Required work:
In the data below, the copy begins at the line containing "Marigold Dreams Floral" and runs through the last line; repeat those lines exactly, minus the pictures.

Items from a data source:
______________________________
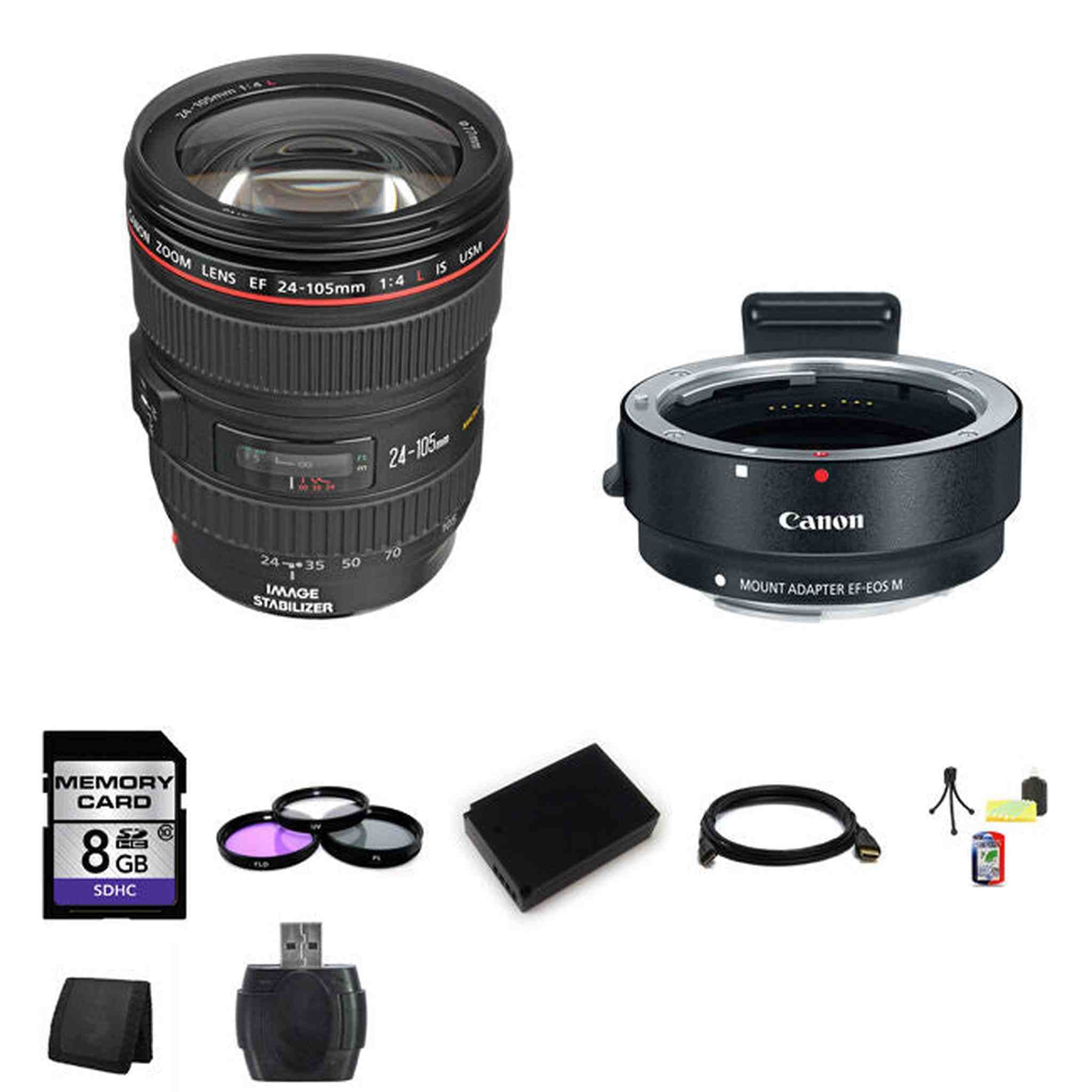 Canon 24-105mm f/4L IS USM Lens w/EF-M Adaptor for EF/EF-S Lenses 8GB Package Canon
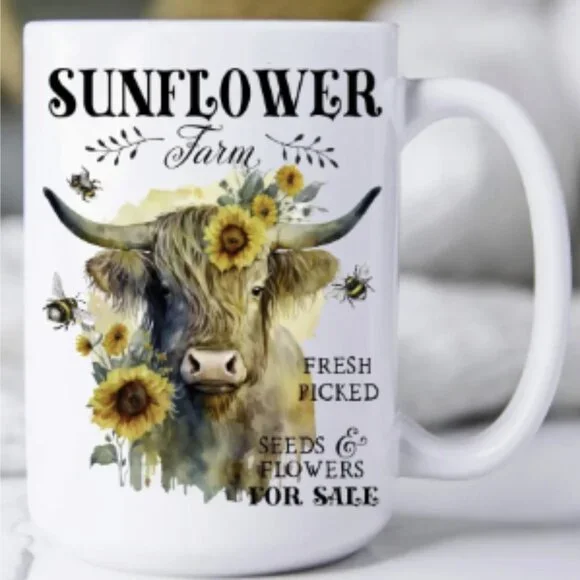 Highland Cow Sunflower Farm 15oz Coffee Mug - Picture 1 of 1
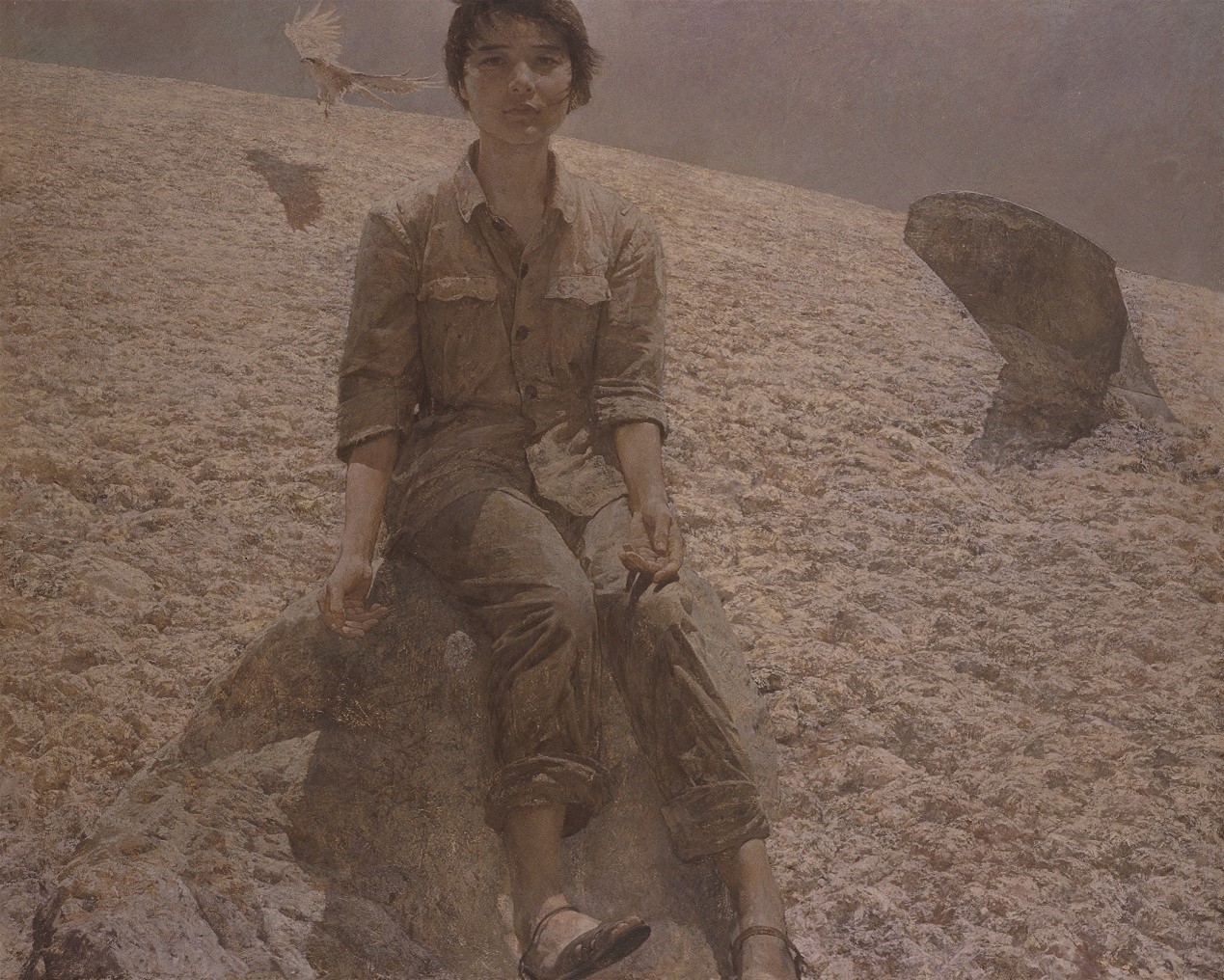 <h2>青春</h2><p>作者：何多苓（1948-）</p><p>创作年代：1984年</p><p>规格：150cm×186cm</p><p>品类：油画</p>
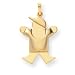 14k Puffed Boy with Hat on Right Engraveable Charm - JewelryWeb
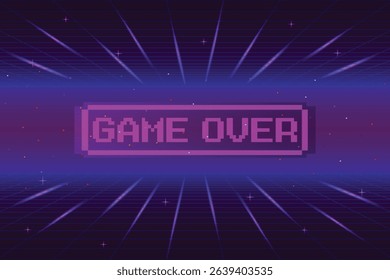 Game Over, Retro games for game assets in retro futuristic sci-fi background vector illustration. Glowing neon from an old arcade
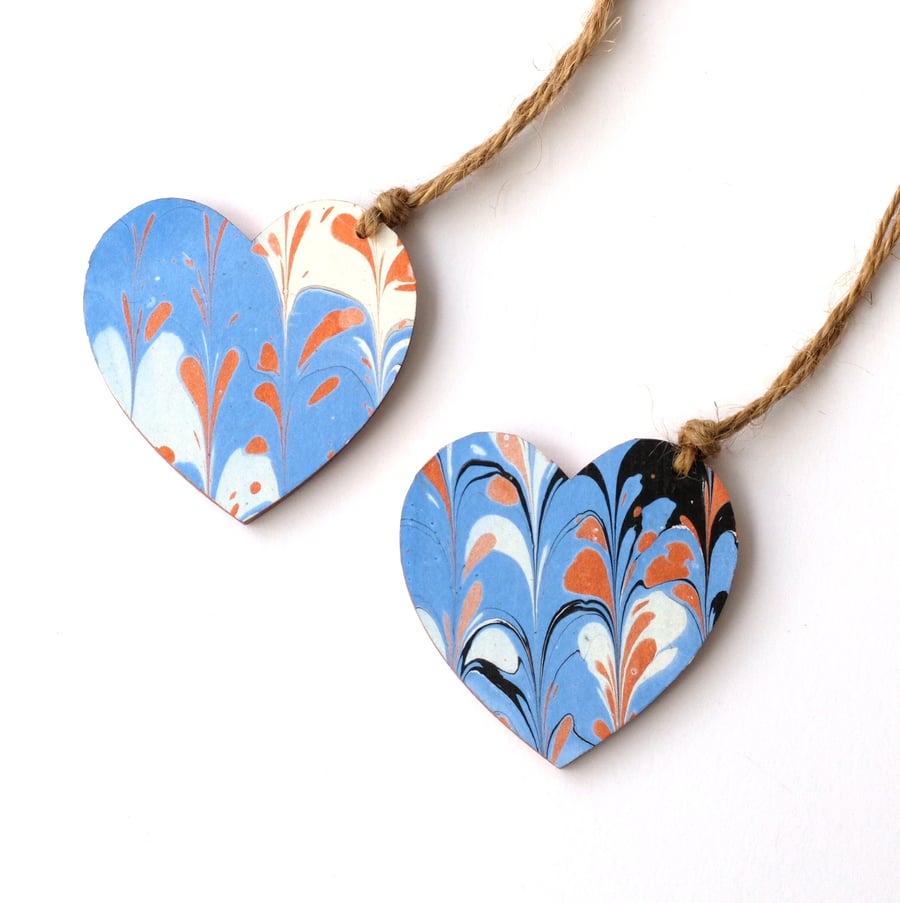 Marbled paper hanging heart gift tag present hang pair
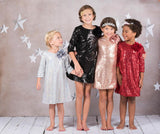 SALE KD408 Silver Party Dress (12 years only)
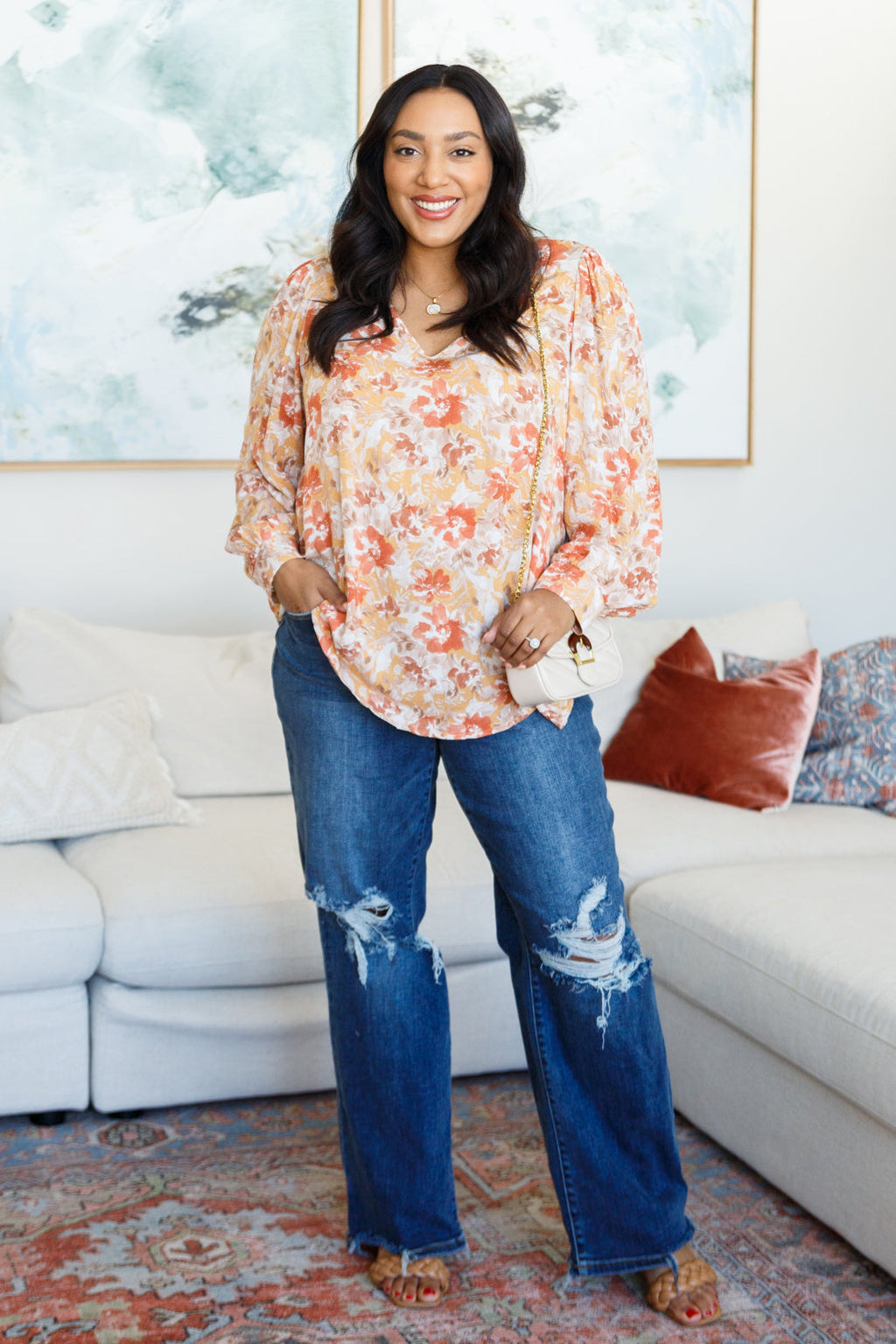 Marigold Dreams Floral Blouse in - Tops photo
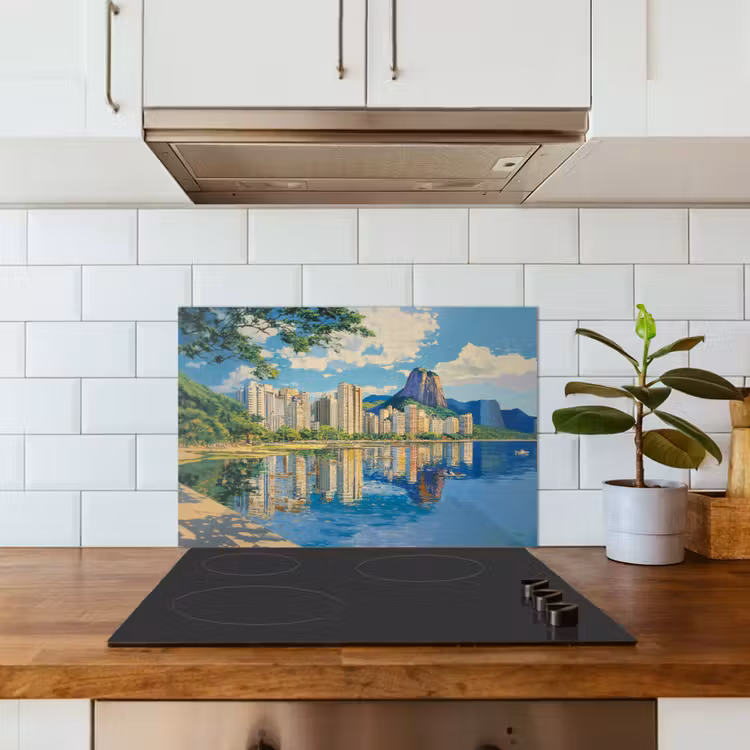 Spatscherm keuken - Berg - Skyline - Strand - Water — 6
______________________________
Output below:
 Marigold Dreams Floral Blouse in - Tops photo
 Spatscherm keuken - Berg - Skyline - Strand - Water — 6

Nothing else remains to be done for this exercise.